The first is forgetting list = FALSE. The default returns a one-element named list, so iris[idx, ] errors because idx is a list, not an integer vector. Either set list = FALSE or extract with idx[[1]].

The second is passing the wrong column. If y is your feature matrix instead of the outcome, the function still runs but stratifies on nonsense. Always pass the outcome column directly, for example createDataPartition(df$target, ...).

Warning
Time-series data needs a different splitter. createDataPartition() shuffles rows, so it leaks future information into the training set when your data is ordered by time. Use createTimeSlices() or a manual time-based filter for any temporal outcome.

The third is reusing the same split across model comparisons without seeding. Two train() calls in a row without set.seed() produce different folds, so any RMSE difference may be noise. Set the seed once before the first createDataPartition() and again before each train() call.

Try it yourself

Try it: Build a stratified 75/25 split on iris$Species and confirm both partitions hold equal proportions of the three classes.

RYour turn: stratified split
set.seed(7) ex_idx <- # your code here ex_train <- iris[ex_idx, ] ex_test <- iris[-ex_idx, ] prop.table(table(ex_train$Species)) #> Expected: roughly 1/3 for each class

  
Click to reveal solution
RSolution
set.seed(7) ex_idx <- createDataPartition(iris$Species, p = 0.75, list = FALSE) ex_train <- iris[ex_idx, ] ex_test <- iris[-ex_idx, ] prop.table(table(ex_train$Species)) #> setosa versicolor virginica #> 0.3362832 0.3362832 0.3274336

  

Explanation: Passing iris$Species as the outcome triggers per-class stratification. Setting list = FALSE returns an integer vector you can use to subset rows directly. The slight imbalance (37/37/36) reflects rounding inside each class; the function preserves proportions as closely as the row count allows.

Caret ships several splitters and resamplers; createDataPartition() is the one for the initial train/test cut. The others handle the resampling that happens later in a modeling pipeline.

  • createFolds(y, k = 10): k-fold cross-validation indices, used by trainControl(method = "cv").
  • createMultiFolds(y, k = 5, times = 3): repeated k-fold indices for method = "repeatedcv".
  • createResample(y, times = 25): bootstrap resamples for method = "boot".
  • createTimeSlices(y, initialWindow, horizon): rolling-origin folds for time-series outcomes.
  • upSample() / downSample(): class-balance the training partition after splitting.

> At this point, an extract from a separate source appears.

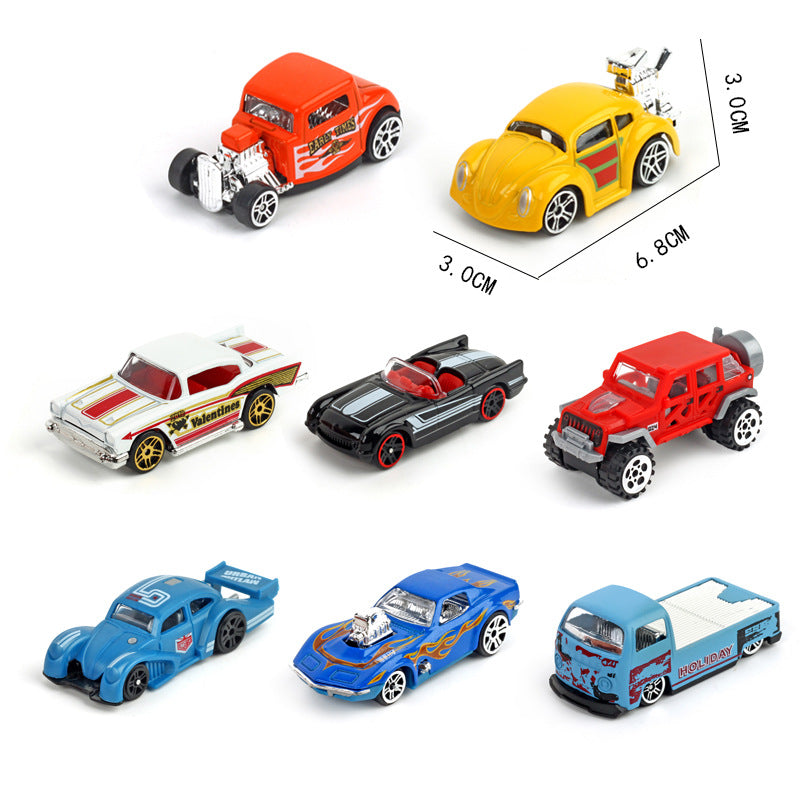 9-Piece 3-Inch 1:64 Scale Alloy Inertia Sliding Mini Model Cars for Boys, Girls, and Adults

A typical workflow chains these: split once with createDataPartition(), then resample the training partition inside train() using a trainControl() object.

FAQ

Why does createDataPartition() return a list by default?

The list shape comes from the times argument. caret expected most users to ask for multiple resamples in one call, so it returns one named element per resample. With times = 1 you still get a one-element list, which surprises new users. Pass list = FALSE for a single integer vector or a one-column matrix, which is simpler to slice your data frame with.

Is createDataPartition() different from sample() in base R?

Yes. sample() picks rows uniformly at random with no awareness of the outcome, so a rare class can be over or under-sampled by chance. createDataPartition() samples within each class (for factor outcomes) or within each quantile bin (for numeric outcomes), so both partitions keep the original outcome distribution. Use sample() only when class balance is irrelevant.

Can I use createDataPartition() with multi-label or multi-output targets?

Not directly. caret stratifies on a single vector. For a multi-label outcome, concatenate the label columns into a single factor key (for example, paste(y1, y2, sep = "_")) and pass that key to createDataPartition(), then split your real data using the returned indices. For multi-output regression, pick the most important target as the strata column.

Does the seed matter and how should I set it?

Yes. createDataPartition() uses the active R RNG, so without set.seed() you get a different split every run and your results are not reproducible. Call set.seed() immediately before createDataPartition() and before every train() call that follows. Any integer works; the convention in the caret docs is set.seed(998), but the value itself is arbitrary.

How does createDataPartition() stratify a numeric outcome?

caret cuts the numeric vector into quantile bins using the groups argument (default 5), then samples within each bin at proportion p. This keeps the distribution of y similar across train and test. With very small samples or groups set higher than length(y)/2, the binning becomes unstable and you can end up with empty bins, so cap groups at 4 or 5 unless you have thousands of rows.